Remove tRNA and rRNA from RNA-Seq data

2017-10-06 1 min read

When analyzing RNA-Seq data, rRNA and tRNA reads can be removed from the sequencing files. Here, I briefly describe how to do this step using ERNE

Prepare software

Download software from

Unzip and move erne-create and erne-filter to ~/local/bin

Install Seqkit conda install -c bioconda seqkit to use rmdup that remove duplicated fasta files.

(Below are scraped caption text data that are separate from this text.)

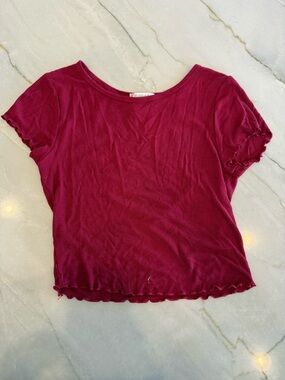 Ribbed Lettuce-Edge Crop Tee in Wine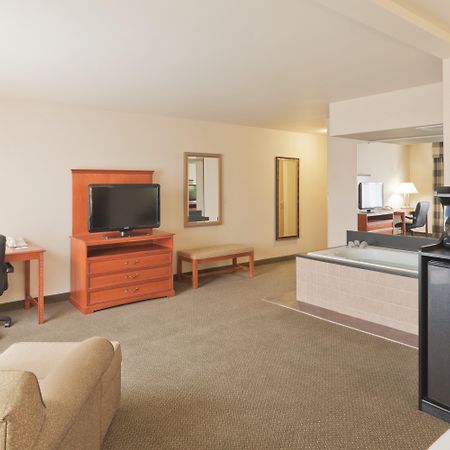 Holiday Inn Express Greensburg By Ihg Exterior photo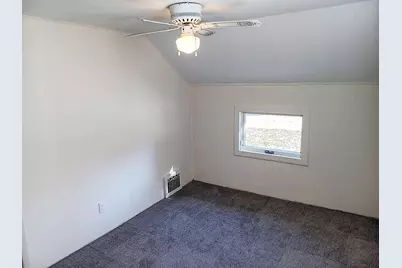203 N Main Street, Coleta, IL 61081 - Photo 18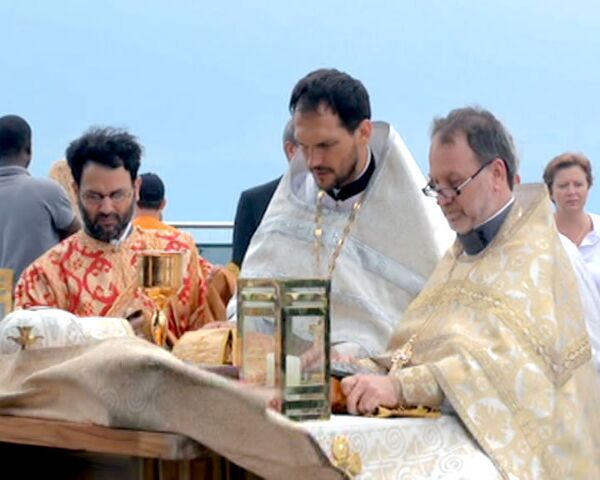 Православный обряд у статуи Христа в Рио собрал сотни верующих и туристов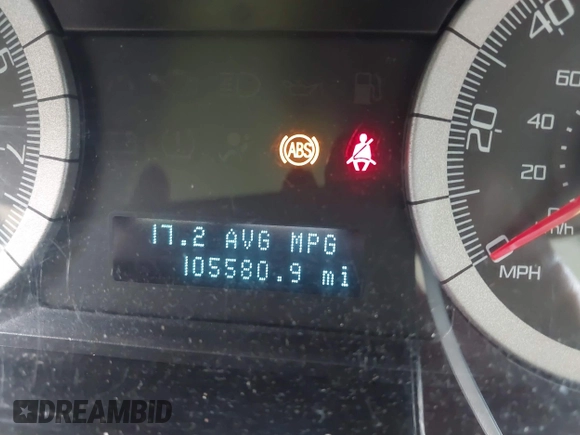 2008 Ford Escape XLT z VIN 1FMCU03108KC68967, wystawiony jako IAAI lot #42602224 z przebiegiem 105 580 mil mil oraz . Historia ofert i sprzedaży dostępna na DreamBid. Obrazek 14.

Prepare rRNA and tRNA sequence


rRNA sequences were downloaded from Silver



tRNA sequences were downloaded from GtRNAdb.


Combine two fasta files together and remove duplicate

Combine two fasta files as contaminate_rna.fa.

cat GtRNAdb-all-tRNAs.fa SILVA_128_LSUParc_tax_silva.fasta > contaminate_rna.fa
cat contaminate_rna.fa |seqkit rmdup -o contaminate_rna_uniq.fa

Prepare allign file

erne-create --output-prefix contaminate_rna --fasta contaminate_rna_uniq.fa & # takes about three hours

Run erne-filter to remove rRNA/tRNA

erne-filter --contamination-reference contaminate_rna.ebh --threads 20 --query1 test_trimmed.fq --output-prefix rmcontac&

As a result, the clean file rmcontac_1.fastq has 55167445 sequences, while the original file has 55301662 sequences. Over 99.76% of reads retained. This step is probably more important for small RNA-sequencing.